Hinterbliebene gedenken und fordern Konsequenzen

Konsequenzen erkämpfen

Ein Jahr nach dem Anschlag in Hanau erheben Angehörige und Überlebende schwere Vorwürfe.

Die Überlebenden und die Angehörigen der Opfer des rassistischen Anschlags von Hanau lässt die Frage nicht los, ob ihre Freunde, Kinder, Geschwister und Eltern noch leben könnten, wenn die Behörden ihre Arbeit besser gemacht hätten. Bei einer Online-Gedenkfeier für die Opfer, die die »Initiative 19. Februar Hanau« zusammen mit Überlebenden und Angehörigen veranstaltete, trugen diese die wichtigsten Fragen zum Tathintergrund und zum Tatablauf zusammen, die ihrer Meinung nach immer noch offen sind. Die Veranstaltung wurde am Sonntag online gestellt und ist weiterhin auf Youtube zu ­sehen.

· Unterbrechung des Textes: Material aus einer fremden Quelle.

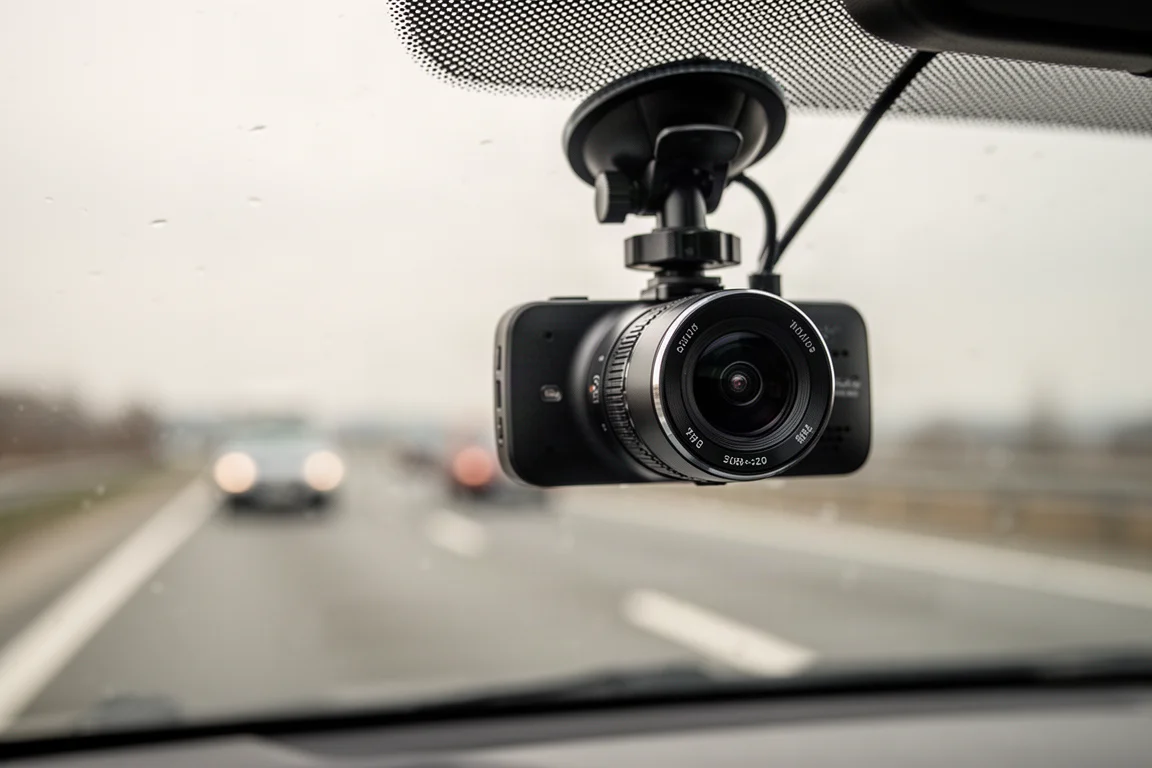 Dashcam mit Teleobjektiv, die entfernte Details auf der Straße erfasst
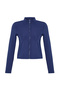 Lacivert Vücuda Oturan Fermuarlı Dik Yaka Örme Spor Ceket/Sweatshirt TWOAW23BZ00592 - 7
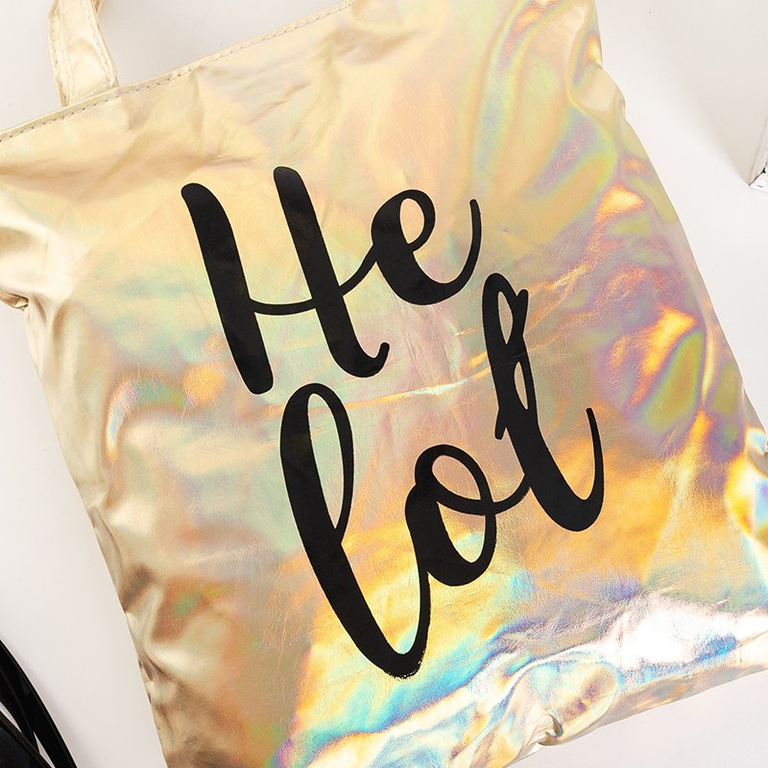 Geantă de umăr aur holografică cu inscripția „Heloł” - Genți de mână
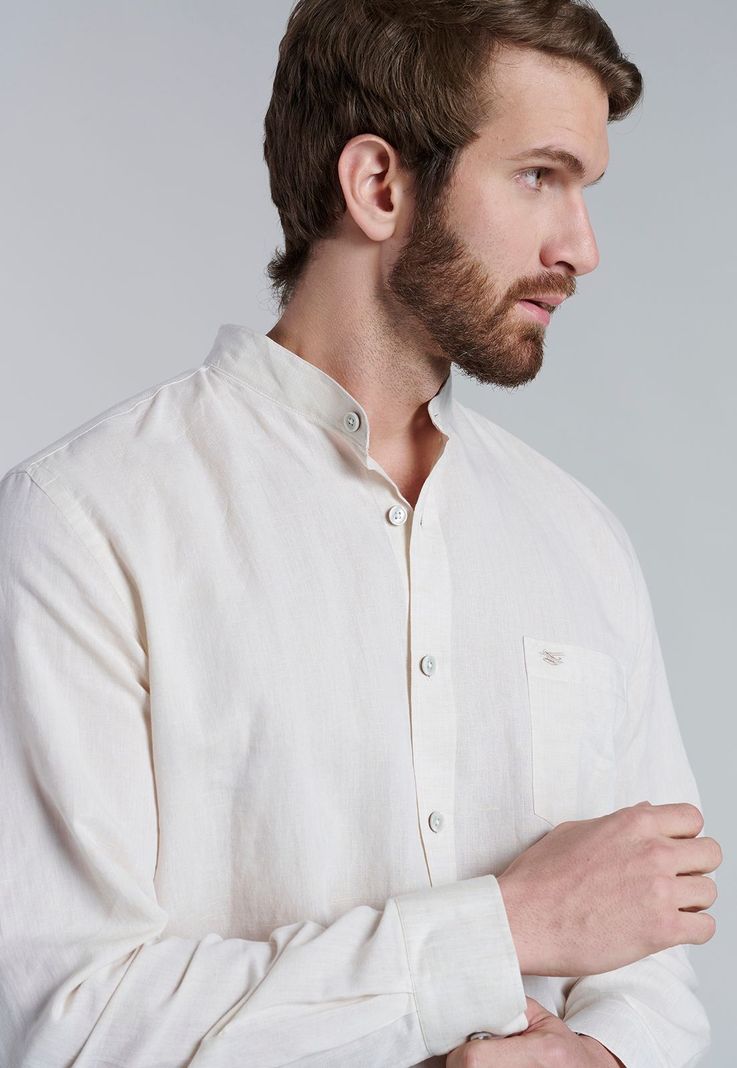 Camisa Lino Cuello Mao  F Sand-2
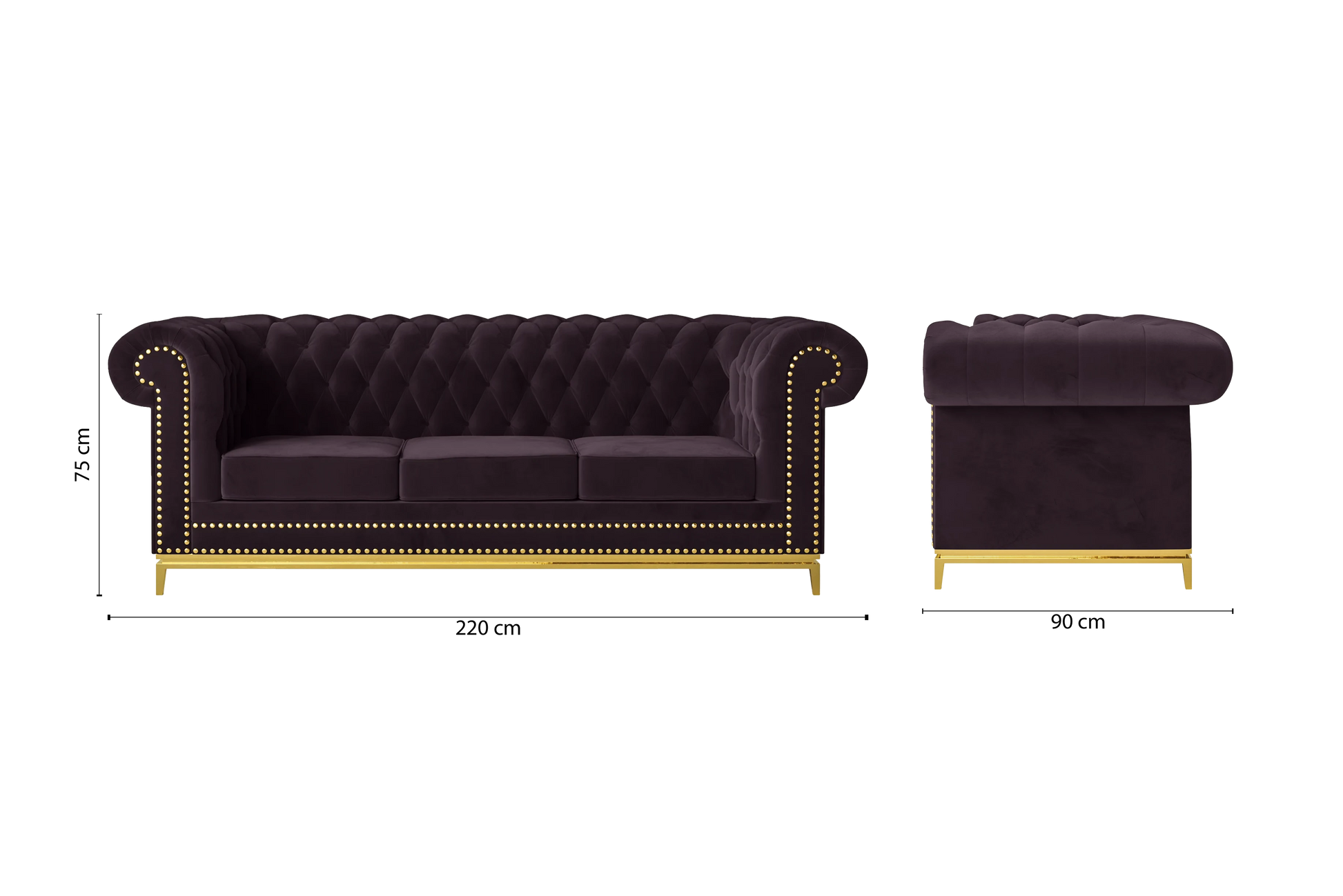 Venice 3 Seater Sofa Purple Velvet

Die Gedenkfeier im Sommer, ein halbes Jahr nach dem Anschlag, hatte wegen der Covid-19-Pandemie strenge Auflagen erhalten, während anderswo in Deutschland gleichzeitig Demonstrationen von Coronaleugnern nahezu uneingeschränkt stattfinden konnten. Bei der Veranstaltung am Sonntag war der Tenor der Beteiligten der gleiche wie bereits im Sommer. Stellvertretend formulierte Newroz Duman von der »Initiative 19. Februar Hanau«, mit den »Anklagen und öffentlichem Druck fortzufahren« sei »unser einziger Weg«, »um die Hanauer Morde zu einem wirklichen Einschnitt zu machen und damit eine Zäsur von unten zu erzwingen«.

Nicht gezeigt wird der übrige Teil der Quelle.